As the author shows so clearly, that is dangerously blinkered and historically ignorant thinking. They only need to look closely at an atlas to see why.

While the United States Navy has a useful fleet of small warships and trained crews to command and operate them, the navies of most other developed countries do not. That puts them at a considerable disadvantage should a "modern" war break out. Obviously, most such developed countries have significant resources in terms of fishing and workboats and motor yachts but, of course, none of them are armed and they rarely have naval trained crews.

Further, many such unprepared countries, such as, most obviously, the United Kingdom, the Netherlands, Germany, Denmark and Australia, are strategically surrounded by narrow, shallow seas that are not conducive to the operations of large blue water warships and submarines. Unfortunately, the naval powers-that-be in such countries appear to be quite disinterested in preparing for the realities of such a "coastal seas" war.
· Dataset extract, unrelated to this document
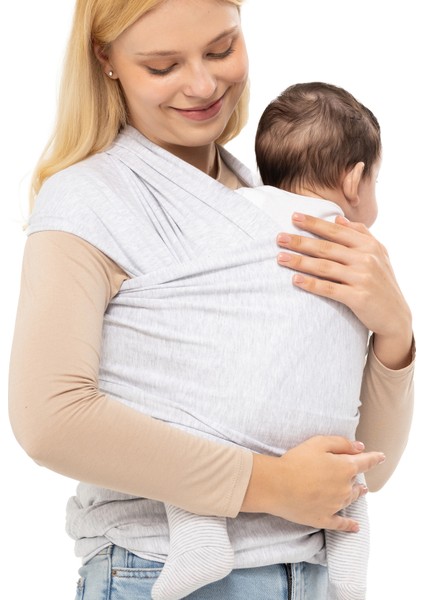 Wrap Sling - Pamuklu Esnek Bebek Taşıma Şalı - Yenidoğan Bebeklerin Ihtiyacı Olan Ten Teması ve M Pozisyonu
While having a handful of capital ships that were very unwisely used, the Nazi Kreigsmarine’s leadership was generally obsessed with submarine warfare using its originally excellent U-boats. However, it also possessed some very useful coastal craft in the form of minesweepers, torpedo boats, small destroyers, and the excellent S-boats. The latter were fast, circa 40 knots, wooden-hulled, diesel-powered torpedo/gun boats. For the first 30 months of the war they did enormous damage to Britain’s all-important coastal cargo shipping.

Slowly, the Royal Navy turned the tables on the Nazis by recruiting and training effective "yachtsmen" officers and competent "hostilities only" crews and equipping them with steadily improving, economically produced, almost expendable fast craft. Their Coastal Forces’ motor torpedo boats, motor gunboats, and minesweepers were operated very aggressively and effectively, often in conjunction with RAF aircraft. They gradually wore down the S-boats and their generally first rate crews who, sadly for them, were let down and often ignored by the top-level Nazi leaders.

This very extensively researched book looks very closely at both sides from both human and technical angles. It clearly shows how and why the war turned out as it did for both the Royal Navy and the Kriegsmarine. It is unfortunate that it is unlikely to be studied by those who would benefit most from it; they are the current senior leaders of the above-mentioned navies.

Author: G. H. Bennett

Available from Seaforth Publishing, Barnsley, UK.